At a murder spot, Johnny(they spell his name as ‘Jhonny’ in the film) makes a joke out of the victims by reciting ‘Johnny Johnny , Yes Papa’ with his own words substituting into the original nursery rhyme(quite like what the Hindi remake of Forensic has done to the original) and reciting it in both a male and female voice, like a mock-dialogue between the murder victim and her murderer.

This is not just bizarre but also in extremely bad taste considering the circumstances. Later on a trans-gender character appears who also speaks in two voices. Which makes Johnny’s ‘Johnny Johnny’ in a dual voice seem like a cruel joke at the trans-gender character’s expense.

The trans character is vital to the plot.

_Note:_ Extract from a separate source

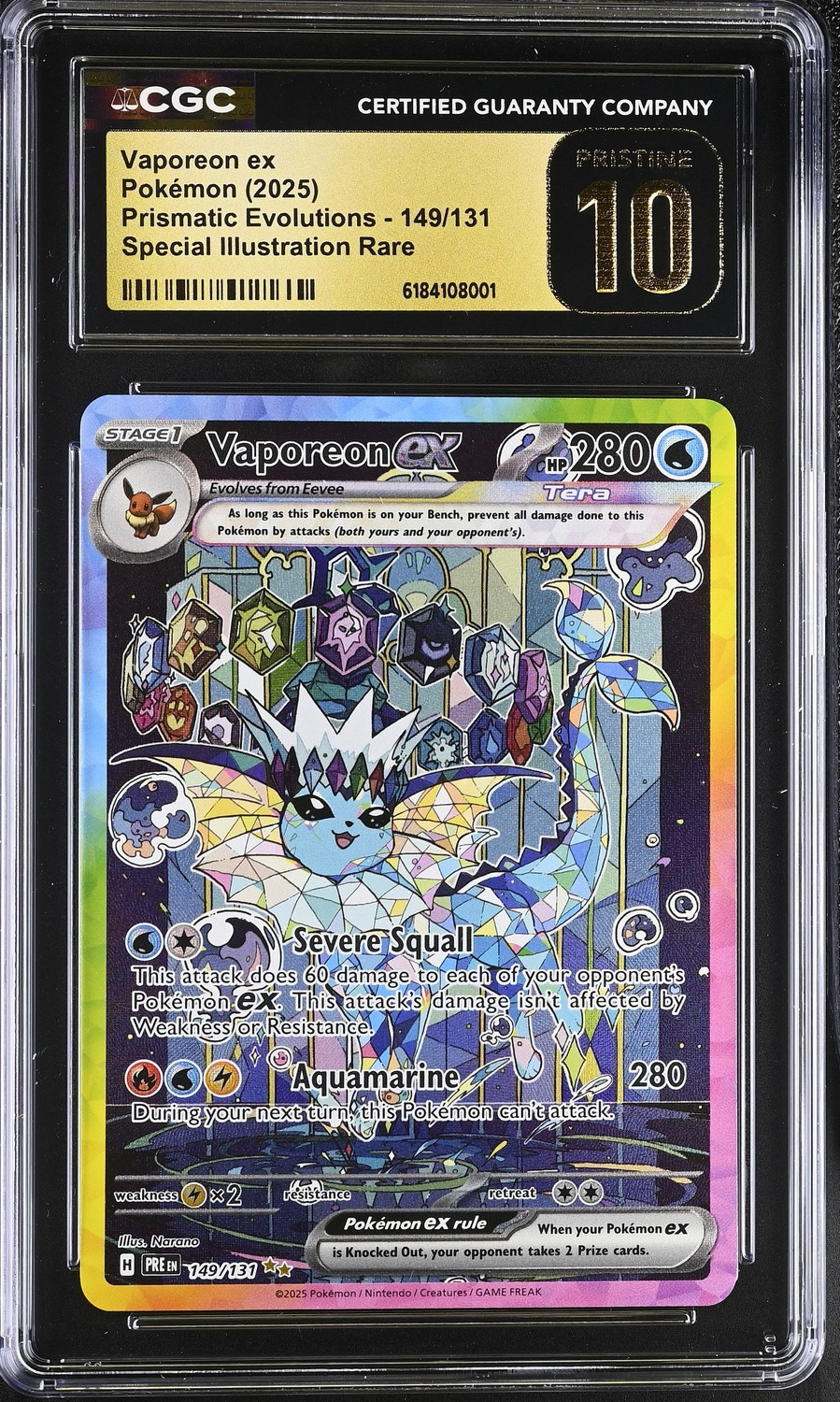 VAPOREON ex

It is a new character, an add-on, not a part of the original film which Akhil Paul and Anas Khan had co-written and co-directed with far more sensitivity.

I must say, the remake is very badly written. Changing the identity in a whodunnit at the end is a creative crime that needs to be probed seriously. The brains behind the remake would argue that the murderer’s identity had to be changed , as the original killer had already been exposed on the OTT platform. Like the password to a hacked account?

This is exactly why the Hindi version of Forensic, with all its crimes against the creative process, should not have been attempted, let alone attempted so oafishly.

The denouement in the Hindi version is so bizarre it leaves us not just scratching our heads but also provokes us to climb up the nearest wall. Why would any filmmaker do this to a film? It is downright desecration.

Some films have a reason to be remade. With the passage of time some classics could be given a new interpretation. But certain classics are sacrosanct and inviolable. You can’t remake Sholay, Mughal-e-Azam or Gone With The Wind Or Ben Hur. No one should dare to tamper with these classics because this scripts couldn’t be carried any further. But there are other films that can be improved on. Martin Scorsese who is one of the most respected directors in the world remade the 1962 classic Cape Fear very successfully. Martin Scorsese got his first Oscar for best director for a remake The Departed.

Writer Javed Akhtar whose Zanjeer was remade into a disaster, is not opposed to remakes? In fact, Javed Akhtar would like his own Sunny Deol starrer Arjun to be remade. As the screenwriter he feels he can improve on the screenplay. per se. In fact Salim and Javed once remade a 1959 film called Do Ustad in 1974 as Haath Ki Safaai. The Salim-Javed scripted Haath Ki Safaai was based on a 1959 film called Do Ustad which starred Raj Kapoor and Sheikh Mukhtar. When Salim-Javed saw Do Ustad,they sensed the potential in the plot that was lost in translation. Javed feels Haath Ki Safaai was an infinitely superior film to Do Ustad .

I wish we could say the same about remake of Forensic.